For shorter documents, that seed context is often sufficient to answer follow-up questions without any further tool calls. For longer documents, the agent calls on-demand retrieval tools throughout the conversation to locate specific information not covered by the initial context.

Document Loader#

The Document Loader (page_fetcher) is an instance of the Squirro Item Retriever tool optimized for accuracy and complete document access. It retrieves and processes individual documents from the Squirro content repository, activating once during agent initialization to load the document context.

For detailed information about the available configuration settings, see the Squirro Item Retriever Tool page.

Fetch Document Summary#

The Fetch Document Summary (summary_fetcher) is an instance of the Squirro Item Retriever tool optimized for performance and overview generation. It generates comprehensive summaries of documents through LLM analysis and automatically saves them for future reuse. That tool activates once during agent initialization to provide compressed document understanding.

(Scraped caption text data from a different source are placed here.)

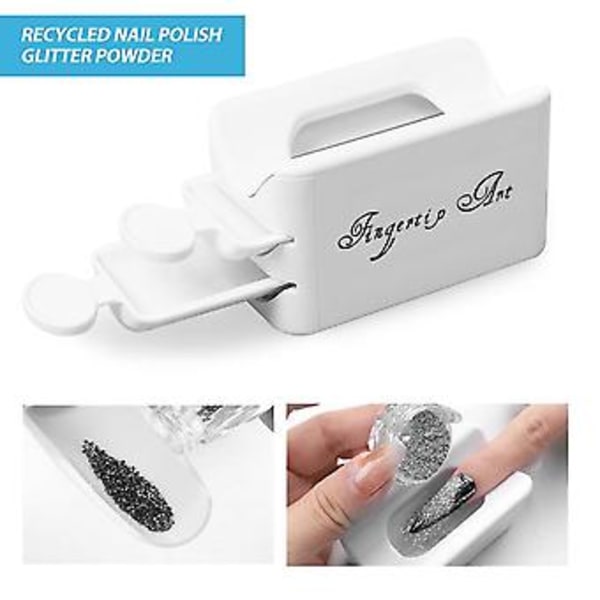 Bärbar Återvinningsbricka för Dippning Nagelverktyg Dubbellager Bekväm Låda för Nagelsmycken Diamanter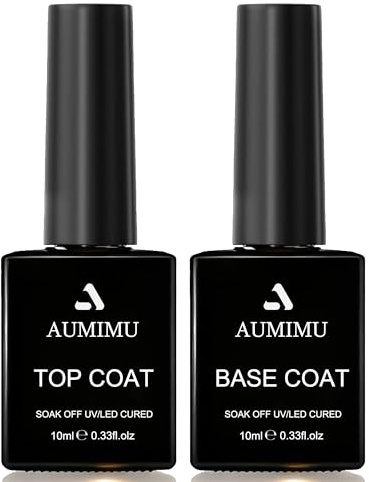 AUMIMU Gel Nail Polish,TOP COAT & BASE COAT GEL POLISH 10ML X2,No Wipe Glossy Shine No-Wipe TopCoat, Long Lasting BaseCoat UV/LED Soak Off GelNailPolish For Home DIY and Nail Salon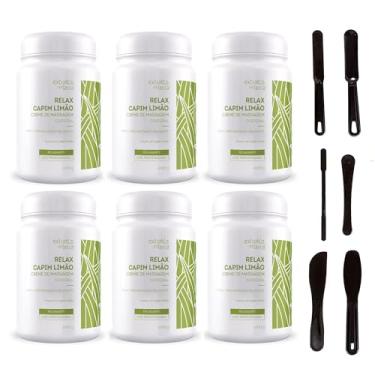 Imagem de Kit Creme de Massagem Corporal 6 Relax Capim-Limão 1000 g – Ação Calmante, Refrescante e Hidratante + Kit 6 Espátulas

For detailed information about the available configuration settings, see the Squirro Item Retriever Tool page.

Custom Tools#

Administrators have the ability to add extra tools to expand the capabilities of the Chat with Document agent. The agent includes two pre-loaded custom tools by default, both powered by the Squirro Retriever Tool.

Focused Paragraph Retriever#

The Focused Paragraph Retriever (paragraph_fetcher) is an instance of the Squirro Retriever tool configured for iterative, on-demand retrieval throughout conversations. It performs targeted search at the paragraph level to locate specific information within documents, making it particularly effective for answering specific questions and filling knowledge gaps during document analysis.

For detailed information about the available configuration settings, see the Squirro Retriever Tool page.

Image Reasoning#

Image Reasoning (image_reasoning_on_best_pages) is an instance of the Squirro Retriever tool configured specifically for analyzing visual content. That tool should only be called as a last step, after the agent has retrieved textual context that explicitly references visual elements such as tables, charts, or figures.

Requirements:

Multimodal LLM that supports image input.
Documents with embedded images, charts, or tables.
Sufficient token budget for image processing.

The tool performs best when the agent has already identified specific pages or sections containing relevant visual content through text-based search. Using that tool without textual guidance may result in slower performance and higher costs without corresponding accuracy improvements.